Pendant l’été 2023, dans le cadre de notre opération « Les Baguettes magiques », 8 boulangeries du 12e arrondissement de Paris ont accepté d’échanger une baguette tradition contre un coupon. Pour obtenir 10 coupons, les 100 participant•e•s cotisaient, en fonction de leurs revenus, dans une des 5 tranches proposées (entre 2€ et 20€). Les personnes qui cotisaient 2€ obtenaient ainsi des baguettes à 20 centimes, financées par la caisse de l’expérimentation où chaque personne cotisait solidairement selon une tranche de revenus.
Voici l’histoire des Baguettes magiques.
• Tester la Sécurité sociale de l’alimentation
À partir de janvier 2023, nous avons commencé à réfléchir à ce que nous pouvions mettre en place à notre niveau pour expérimenter la Sécurité sociale de l’alimentation (SSA).
De nombreuses questions se sont posées.
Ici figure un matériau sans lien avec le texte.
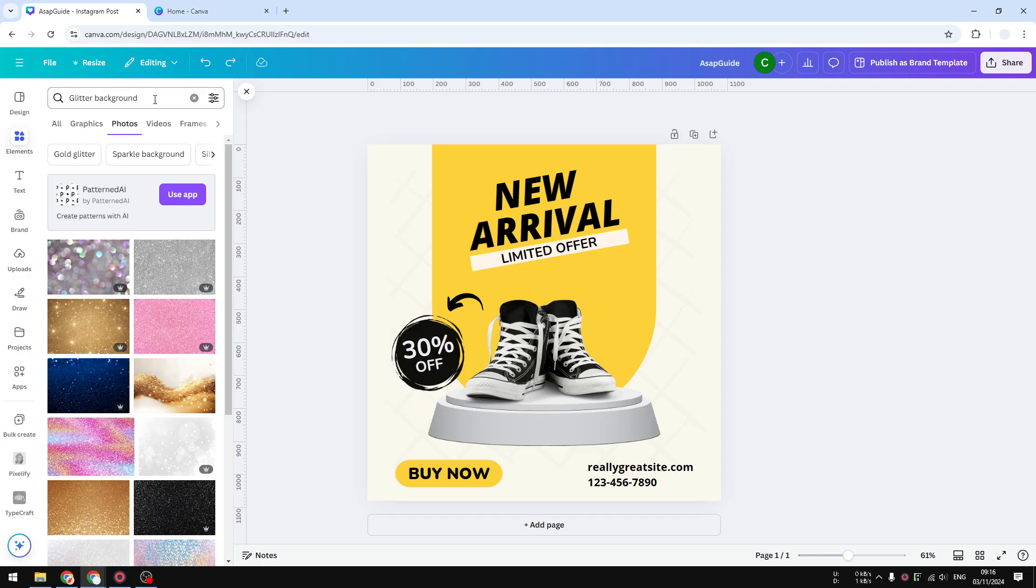And of course you can add other things like the color of the glitter or maybe some other effects. You can put that into the keyword and hopefully Canva will give you some relevant results.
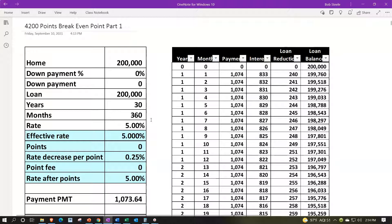Our starting point: without points, the payment is $1,073.64. We have our amortization table set up: the loan at the top, payments calculated, ending at zero after 360 payments. This is built in Excel — if you want to work this practice problem in Excel, you can compare this amortization table with a version that includes points.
Valait-il mieux conventionner des produits ou bien des lieux de vente (comme une épicerie) ? Un produit fini ou un produit encore à transformer (comme de la farine) ? Devait-on et pouvait-on remonter jusqu’aux producteurs et productrices ?
Pour une première expérimentation, nous avons décidé qu’il serait plus facile de conventionner un seul produit, et plutôt un produit fini, directement consommable. Il fallait que ce produit parle au plus grand nombre, qu’il soit consommé au quotidien, et qu’il soit de qualité. La baguette, symbole alimentaire en France et produit consommé presque quotidiennement par une grande partie de population est apparu comme le produit à conventionner.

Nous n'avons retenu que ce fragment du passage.